Activity: Output exactly the lines from the line that has "Hornby Thomas The" through the last line of the data below, with no pictures.

Provided information:
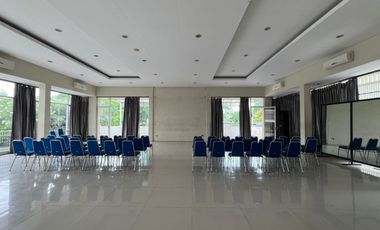 Gedung Eks Hotel Nempel Jl Raya MERR Strategis Harga Termurah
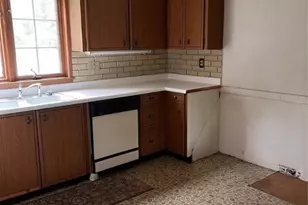 605 Bond St, Dover, OH 44622 - Photo 4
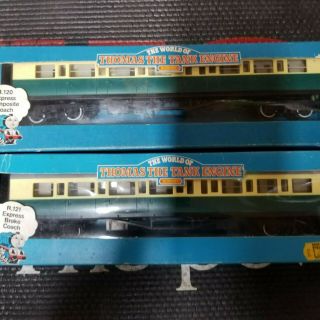 Hornby Thomas The Tank Engine Express Coaches R.  120 And R.  121 Ho Scale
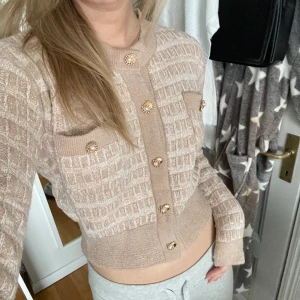 Stickad kofta  - Snygg stickad kofta med guldknappar, aldrig använd och superskön, säljer då jag har två stycken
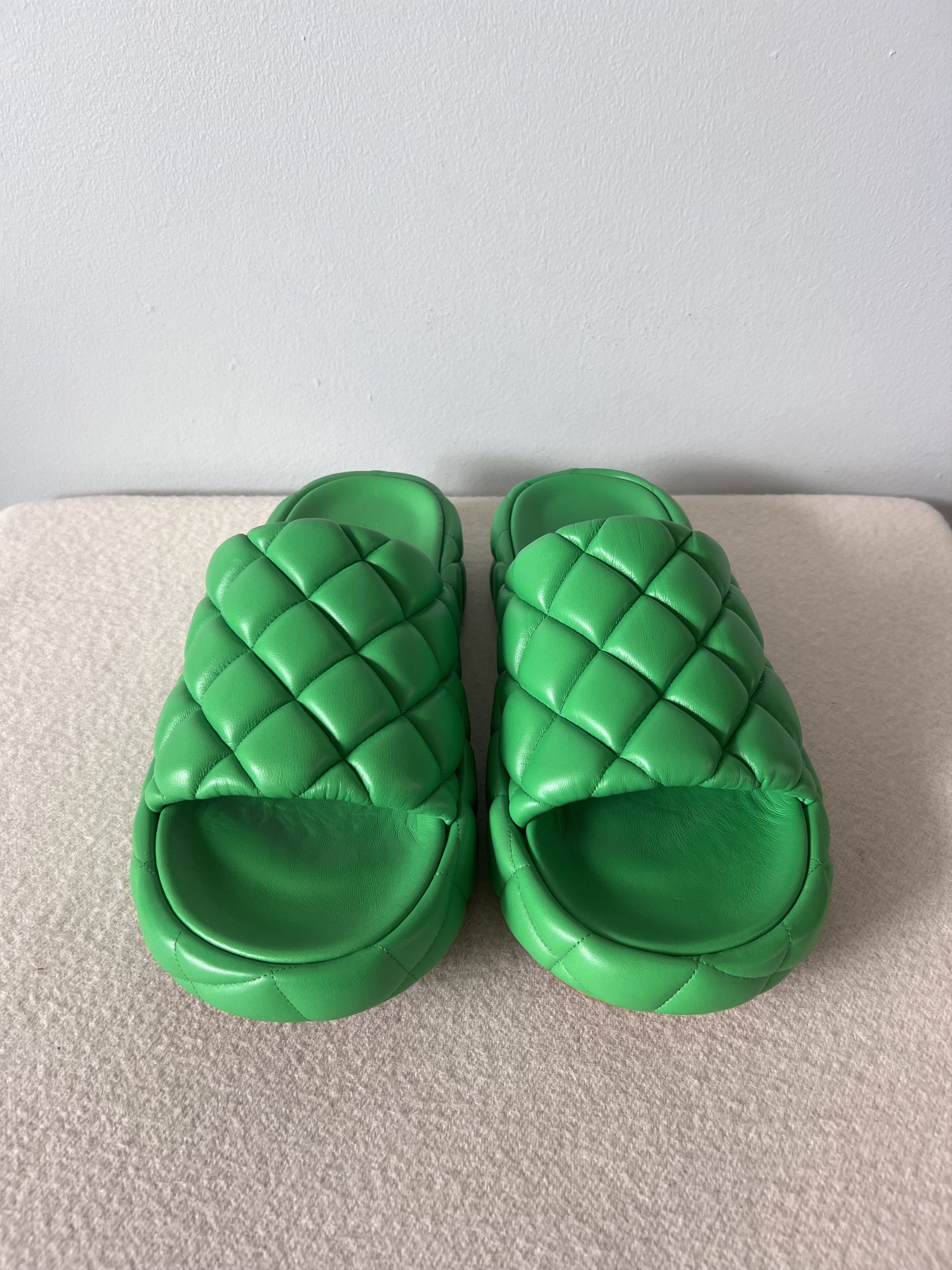 Bottega Veneta Bottega Veneta Padded Leather Sandals in Green Size US 9 / EU 42 - 4 Thumbnail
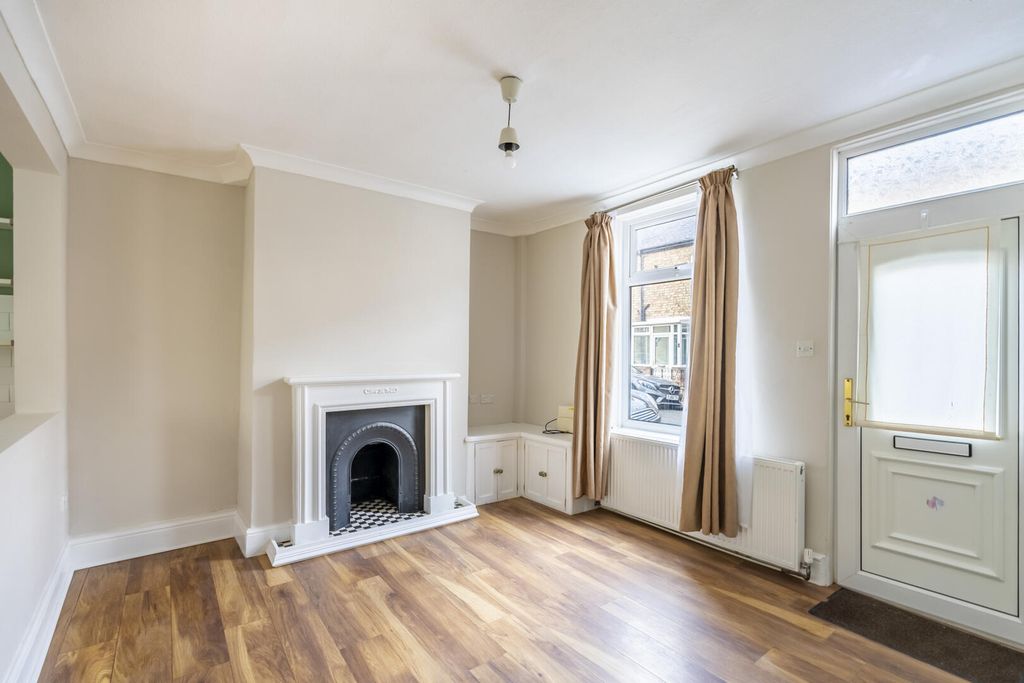 Property photo 3 of 15 Living Room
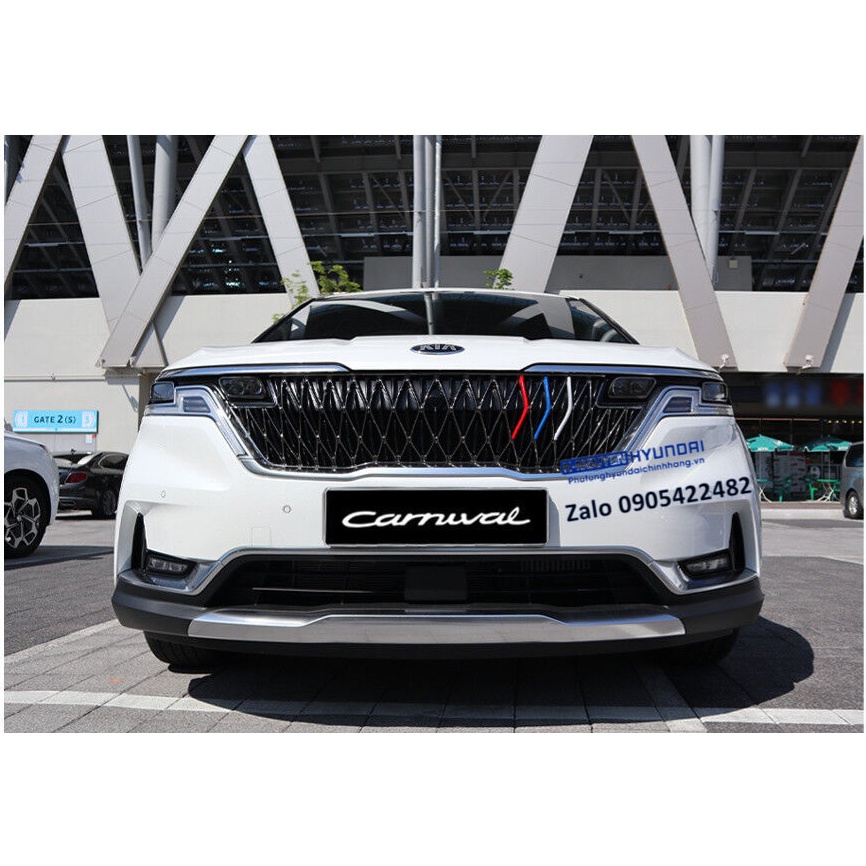 Sọc màu trang trí dán trên calang xe Carnival mới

Result for this task:
 Hornby Thomas The Tank Engine Express Coaches R.  120 And R.  121 Ho Scale
 Stickad kofta  - Snygg stickad kofta med guldknappar, aldrig använd och superskön, säljer då jag har två stycken
 Bottega Veneta Bottega Veneta Padded Leather Sandals in Green Size US 9 / EU 42 - 4 Thumbnail
 Property photo 3 of 15 Living Room
 Sọc màu trang trí dán trên calang xe Carnival mới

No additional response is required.